# Chertsey for Kew Gardens?



## 96706 (Nov 13, 2005)

We were thinking of visiting Kew Gardens in the Spring (if it ever comes 8O ) and thought that the CC&C sites at either Chertsey or Walton would be near but investigating the buses/trains it seems that both involve a complicated and long journey to Kew. Has anyone stayed at either site and visited Kew? If so how did you get there? On the other hand, are there any closer/better campsites?

Mrs D


----------



## Rosbotham (May 4, 2008)

Haven't stayed at either, but used to live in the area. For Chertsey, you'd get the Waterloo train, change at Staines for Richmond (*), then change at Richmond onto the District Line. They're both easy changes, total travel time's just under an hour.

(*) You're changing off one train to Waterloo onto another one, but I think that's because the Chertsey trains go around the Brentford branch rather than the direct route through Richmond.
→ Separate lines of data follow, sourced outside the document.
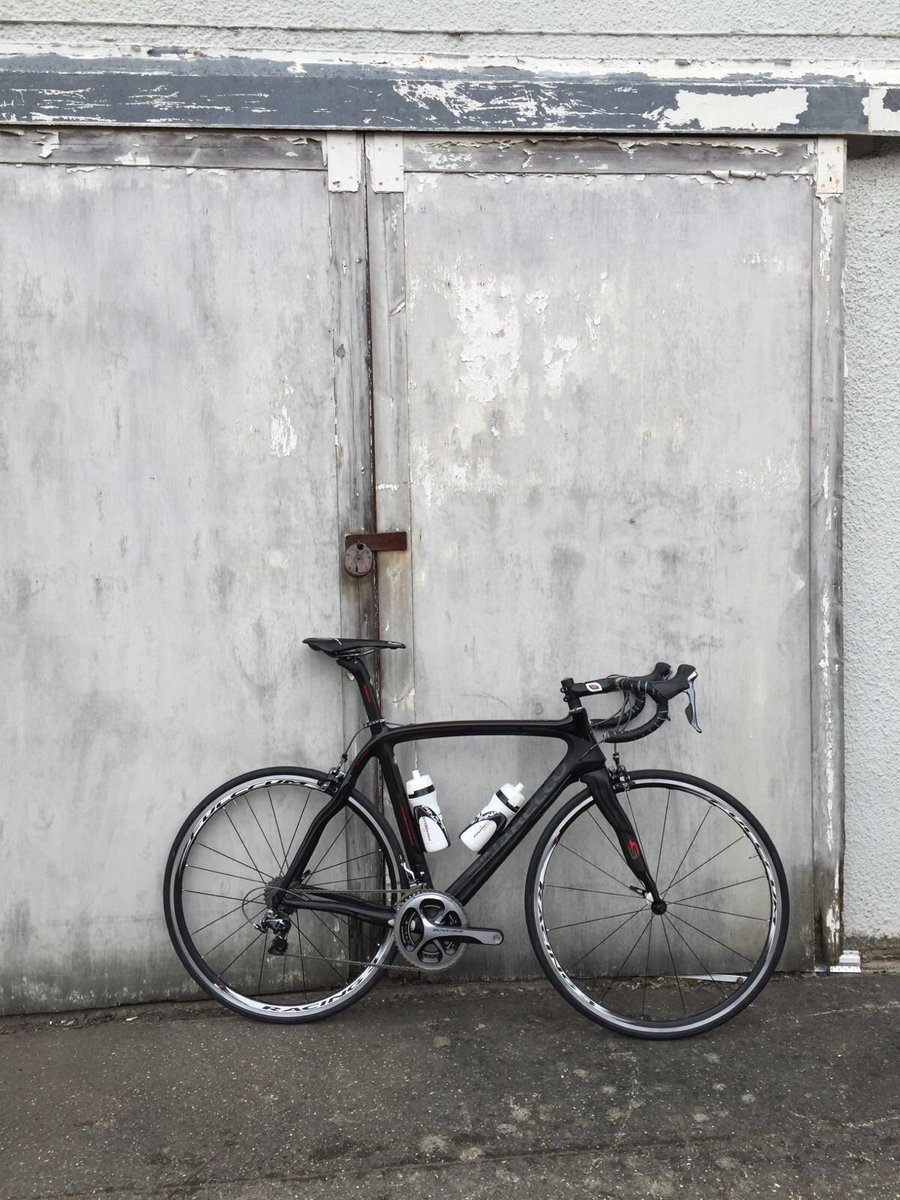 In Swindon we have a great range of outlet models, one of our favourites is this Dura Ace equipped dogma 2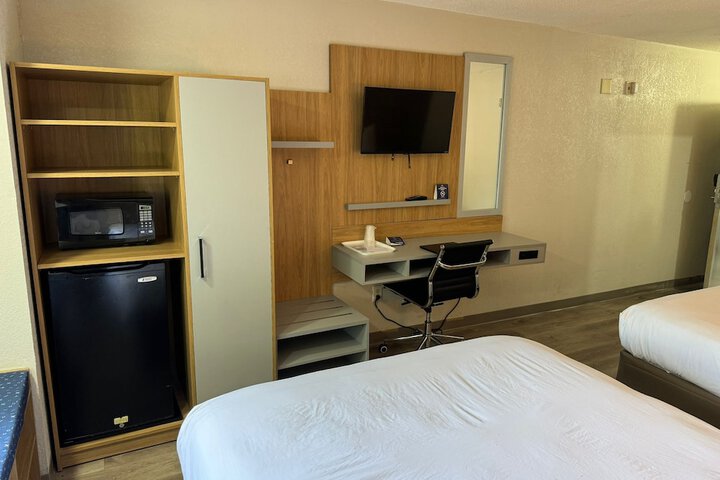 Room 13 of 26
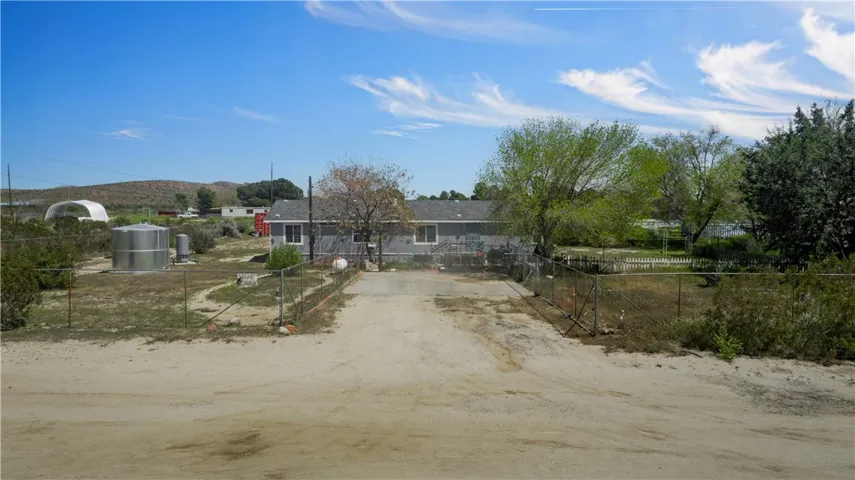 5420 62nd Street W, Rosamond, California 93560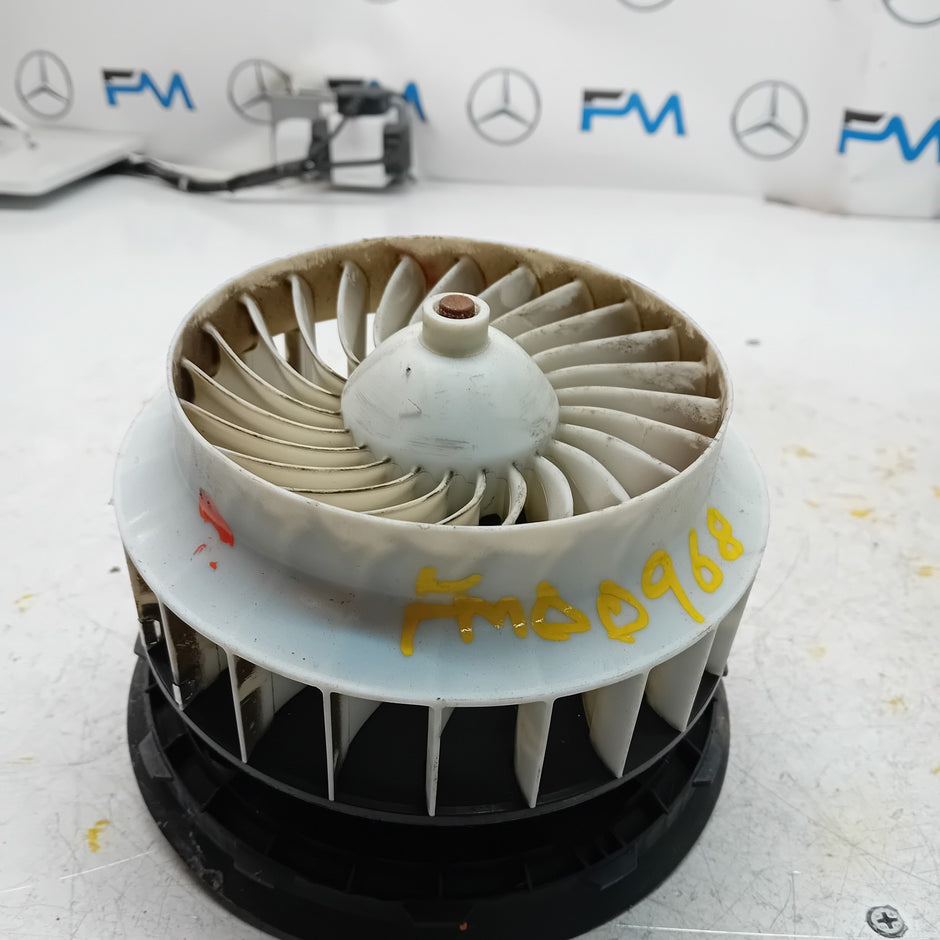 MERCEDES BENZ W205 C-CLASS INTERIOR BLOWER HEATER FAN 0130309002 FM00968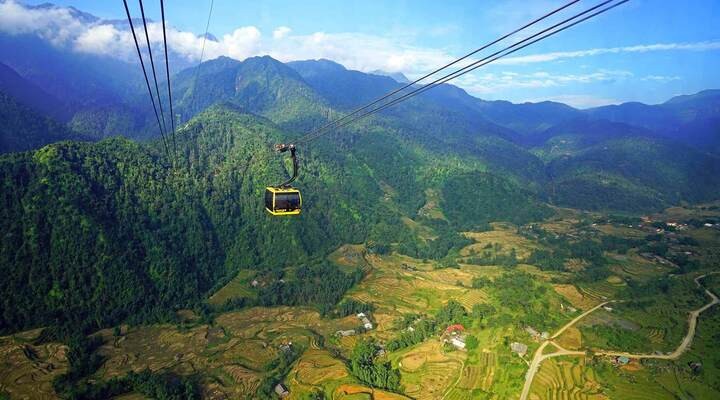 Chinh phục đèo Ô Quy Hồ dễ dàng bằng cáp treo.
Looks like the trip from Walton's about the same duration, but it involves going in/out of Clapham Junction to get to Richmond...horrible place.

Paul


----------



## 96706 (Nov 13, 2005)

Thanks, that looks better than the TfL journey planner which seemed to involve about 4 changes! It seems a long journey for not many miles. I suppose we could risk driving - they say you need to be there shortly after free parking starts at 10am though.


----------



## AndrewandShirley (Oct 13, 2007)

Stayed at both the CCC site and the commercial one of the opposite side of the river.

Walk or bus trip to Station and its easy from there.

Have done this loads of times whilst our son went to Thorpe Park.

If you want details of the other site PM me and I will find it.


----------